Los Puentes de Madison

Anoche, viendo por tercera vez “Los Puentes de Madison“, volví a querer ser un ama de casa de Iowa, sudorosa y colgada de los versos de Yeats. Un poco menos tensa, un poco más esquiva. Bastante menos triste, mucho más decidida. Sin un marido tosco y pueblerino, con un Robert fotógrafo tan seco, tan leído y tan altivo. Nostálgica de jazz y de baile en la cocina. Con bañera de patas, con una enorme bañera de fría porcelana y una radio de entonces y una cerveza helada para matar el calor. Tan pegajoso.

Y llamarme Francesca. Y pintarme los labios para un desconocido. Y darle de cenar en la cocina. Traspasada la blusa de urgencia y deseo.

No sé si voy a poder concentrar toda mi vida entre hoy y el viernes“, dice Robert/Clint Eastwood, esqueleto con carne de hombre viejo, ardiente la mirada, y a mi adolescente la frase le atrapa, me parece, porque teclea veloz en su móvil sin dejar de mirar la otra pantalla.

Hay películas que merecen otro final, pero si Los Puentes de Madison terminara según el guión rosa convencional, sería una catástrofe. Esa secuencia de Francesca, ya del vuelta el marido de su feria de ganado, metida en la furgoneta mientras la lluvia aplasta el cristal, aplasta el resto de su vida, es un canto al buen cine. Haber dado otra oportunidad a la pareja sería como subir a Lisa con Rick en ese avión de Casablanca, cercenando el inicio de una gran amistad de dos hombres. 

Pobre Francesca, pobre, envuelta en esos vestidos sureños mal cortados, que resumen el dilema más feroz del destino. ¿Deseo o conveniencia? Y se lo piensa un poco, y prepara las maletas en su cama de esposa con barrotes. Aventura o rutina. Dejarlo todo por un hombre que arrasó en cuatro días los pilares de su existencia gris, tan previsible,  o sumergirse de nuevo en ella, enredados los pies en un alga marina cruel e implacable, sabiendo que ya nada podrá ser lo mismo. Y que habrá que fingir y llorar a escondidas.

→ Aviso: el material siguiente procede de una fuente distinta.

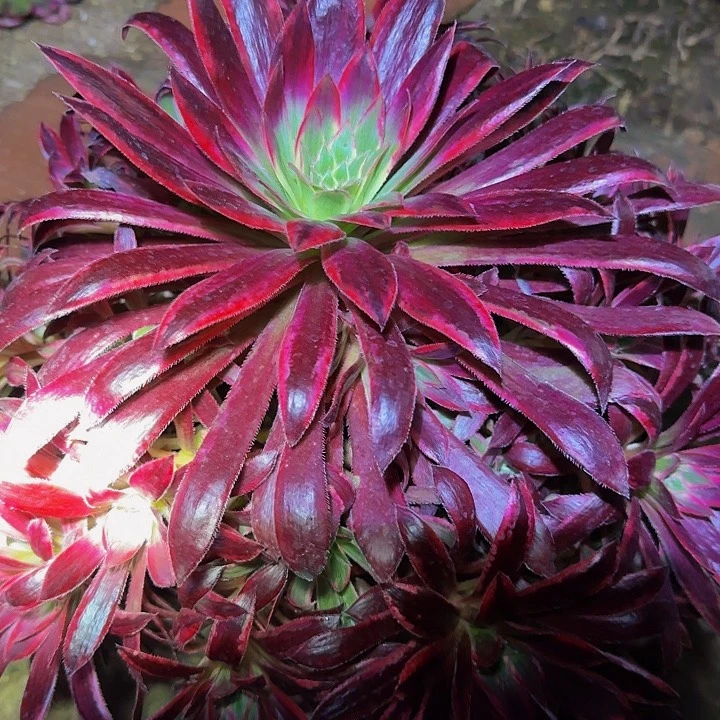 孔雀锦捧花特价福利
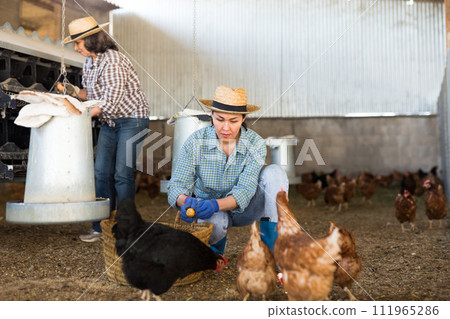 Asian woman feeding hens in chicken coop 111965286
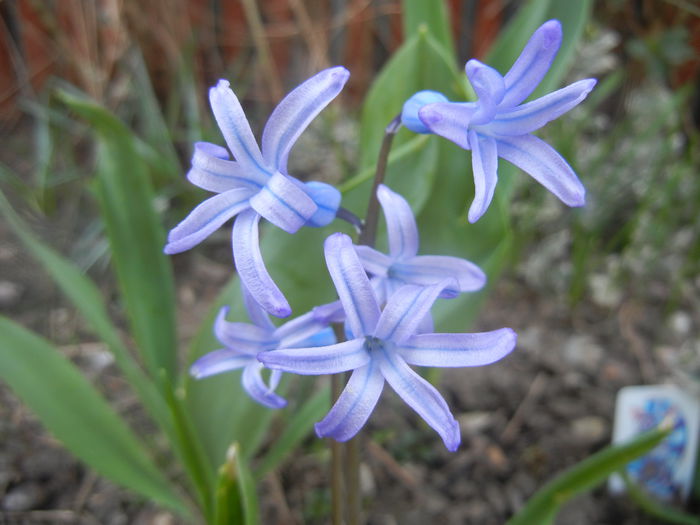 Hyacinth multiflora Blue (2014, March 26) - Hyacinth multiflora Blue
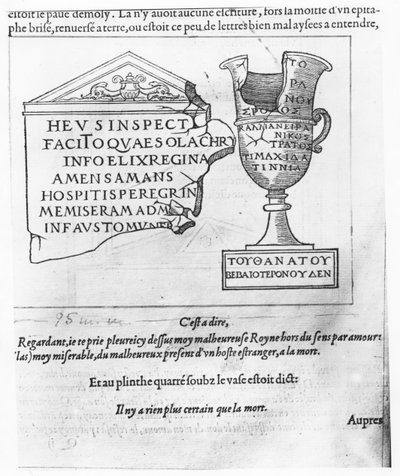 Illustrazione da 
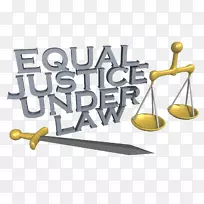 ���ɸ��趯��-������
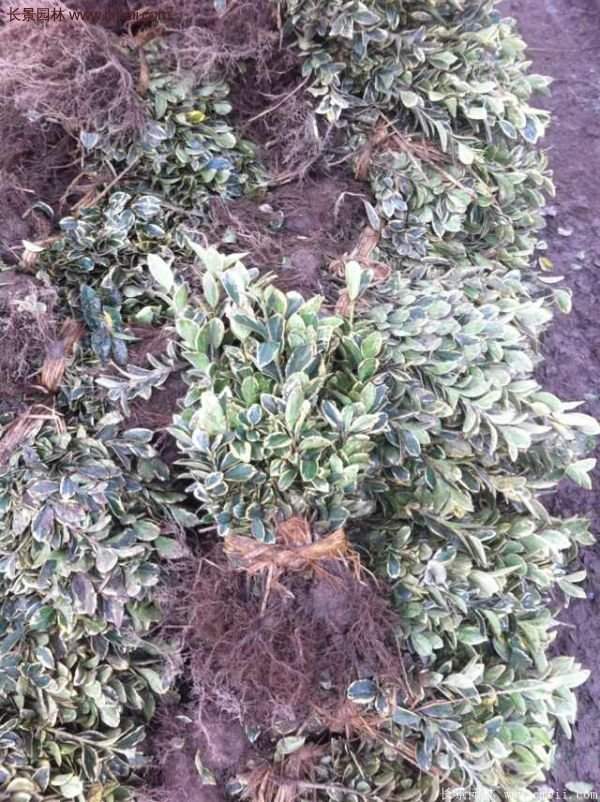 沭陽金邊黃楊基地 沭陽金邊黃楊基地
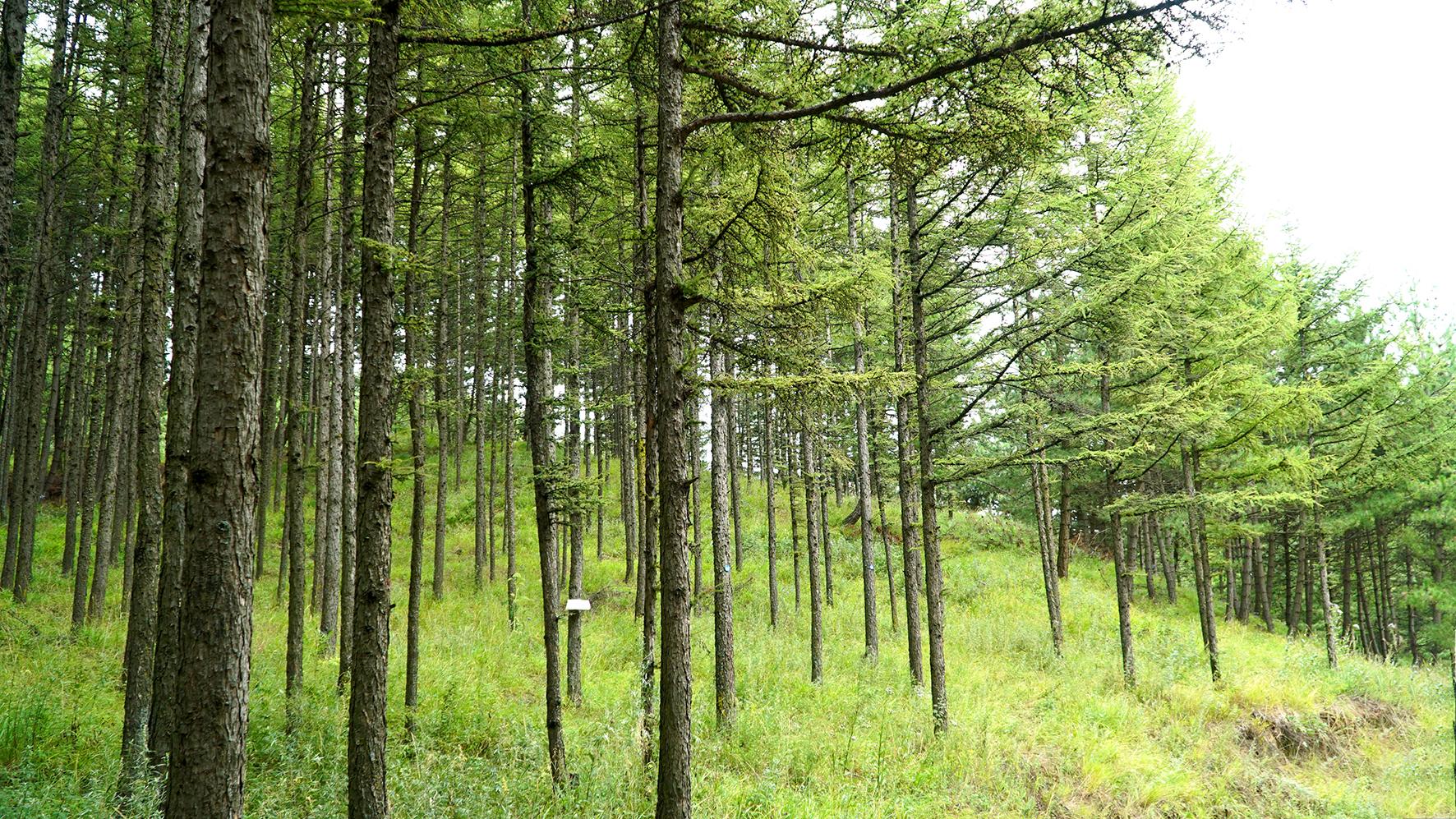 【走进自然,感受山水宁夏】水沟林场:系统"疗法"精准提升六盘山区高密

La decisión de Francesca es el sentido común, desnudo de romanticismo. Y me parece una buena lección para mi ado, que se encoge en silencio y cubre su pena con ese pelo tan largo y tan espeso. -¿La peli es romántica, mamá? me preguntó al principio. -Sí. ¿Y es de llorar?, quiso saber después.”Porque a mí me gustan de llorar”.  Y yo  recordaba haber llorado seco, con esa impotencia por las Francescas del mundo, unidas a hombres simples que se comen su cena sin dar casi las gracias y creen que eso es amor hasta que un día sólo con un gesto -bendita seas Meryl Streep– concentran el dolor de un condenado a muerte sin redención posible.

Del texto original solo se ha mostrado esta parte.